Around 1990 when Berners-Lee was doing his stuff I should imagine there was lots of talk about the uses of this new and exciting technology. Unencumbered by things like long-distance phone calls, or long and often unreliable postal mail, people would be able to communicate like never before. Berners-Lee kept this in mind when designing HTML: the markup language that gives structure to hypertext. It’s a simple user-friendly system of “tags” used to enclose their respective data. For example a paragraph would be indicated like so: <p>paragraph text</p>. The web was designed to allow people with no special computing knowledge to add things to it.

An Important Decision

About as important as actually inventing the web was the decision to make it open. This means that you don’t have to pay royalties or own a commercial piece of software to access it. A lot of people have made an incredible amount of money off the web, but the creator of it isn’t one of them. To further protect your freedom, he founded an organization called the World Wide Web Consortium. This organization creates and publishes open standards for creating and accessing the web.

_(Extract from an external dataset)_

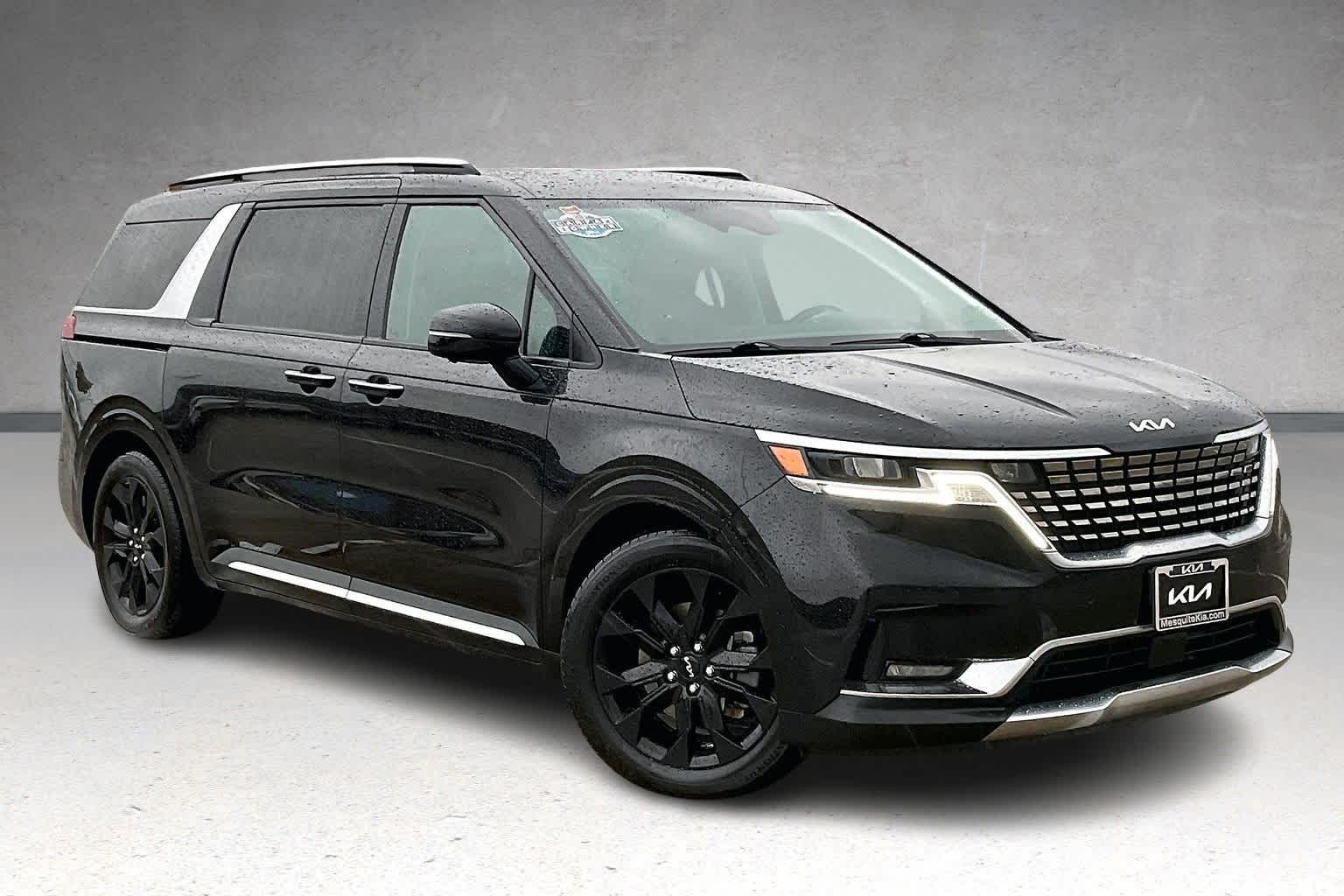 Thumbnail: 2022 Kia Carnival - 20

Open standards are important to combat short-sighted business practices. It goes without saying software companies want you to buy and use their software, and a way of making you do this is creating a special language that only their products understand, this is called a proprietary format. Once enough people use the software that proprietary format is called the “industry standard” and people take it for granted that you have to buy the software, otherwise you won’t be able to digitally interact with all the other people who own it. Already your freedom has been severely curtailed; if you want to see that file then you have to pay out for the software. Some companies provide you with a free piece of software to view files, but what if you wanted to edit them? Or incorporate it into a larger project? You don’t have this freedom unless you’re prepared to pay out.

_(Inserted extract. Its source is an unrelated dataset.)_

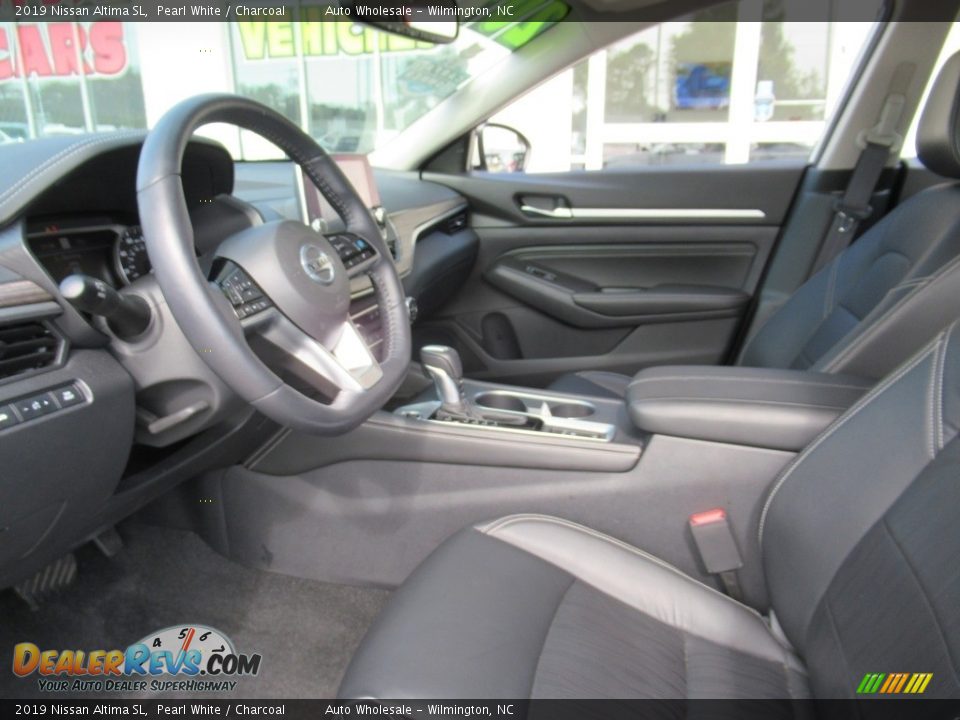 2019 Nissan Altima SL Pearl White / Charcoal Photo #10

It is your freedom to pay for software, but it is also your freedom to decide how much you want to spend. However this freedom is again curtailed when buying the vast majority of software that uses proprietary formats. The reason behind this lies in competition–because one company holds all the cards–there is none. A little upstart company can build a better product with more features, but nobody would buy it because it wouldn’t be able to, or be severely limited, in accessing or using the larger company’s proprietary format. Rather than information is power, it seems the flow of information is power.

Without open standards on the web you’d be ”locked into” the information that you’re allowed to see. Instead of HTML there could have been a proprietary format that could only be accessed by certain pieces of software. Those would be the new barriers between global communications, the barrier between who can afford to “pay up” and who can’t.

Thankfully this never happened. You don’t need any special authoring tools to publish content to the web. You also know that people won’t need any special software to view your content. However remember that other formats you see on the web and offline, formats that you need plugins or programs to view, choose to use proprietary formats. These include Windows Media .wmv files, Apple Quicktime .mov files, RealNetworks .ram or .rm files, the Adobe Flash Player, Apple iTunes .aac files, Microsoft .doc, .xls, .ppt files and many more.

You usually need to buy software to create these files and then you are locked into them. An example would be if you wanted to buy something other than an iPod, you would have to burn every single .aac file to a CD then encode it in a different format. This is cumbersome, but remember there aren’t even fixes like this with other such formats. The only real answer is to use and promote open formats.